Examples of stages and states. a Example stages and states in item 1 (grade 4) (matching decimals). b Example stages and states in item 2 (grade 4) (selecting and classifying fractions)

Define stages and states during the problem-solving process

A D&D action concerns a specific source and a specific target. A single D&D action fails to reflect the situation of other targets (whether they are occupied by sources, and if so, by which sources), unless it is the very first action in the sequence. Similarly, a sequence of D&D actions, if not translated into which target is filled by which source, cannot reflect a student’s answer. Therefore, to trace students’ answer formulation, we need to define initial, intermediate, and final stages corresponding respectively to the situations of no answer, partial answer, and complete answer. In addition, at an intermediate or final stage, different students may construct different answers due to the history of their D&D actions. To reflect such variation, we also define states at each stage as different valid answer forms at that stage.

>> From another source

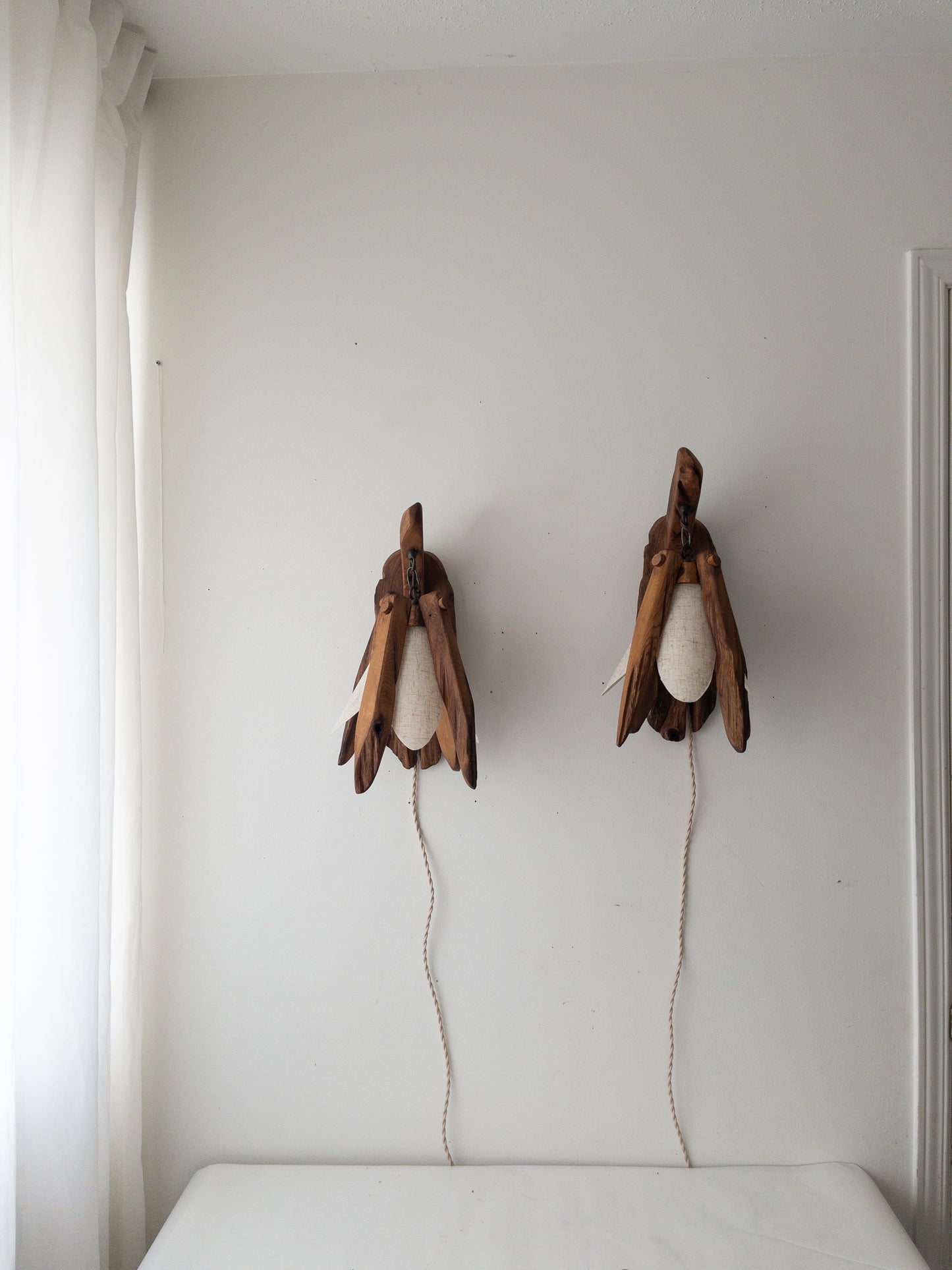 Cedar folk wall sconce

To be specific, for items 1 and 3, we define stage based on how many targets remain empty. The stage with all targets being empty is the initial stage of no answer (stage 0, “NA|NA|NA”, “NA” denotes an empty target, “|” separates different targets), the one with all targets being filled is the final stage of complete answer (stage N, for item 1, N=3; for item 3, N=4), and other stages are intermediate (stage i, i in [1, N−1]). As shown in Fig. 4a, for example, “2.0 | 0.02 | 2.5” is a state from the stage of complete answer, it indicates that the source “2.0” was dragged and dropped to t1, “0.02” to t2, and “2.5” to t3. “NA | 0.25 | 2.5” is a state from the intermediate stage 1, it indicates that t1 is not filled yet, but t2 and t3 are filled by the sources “0.25” and “2.5”, respectively.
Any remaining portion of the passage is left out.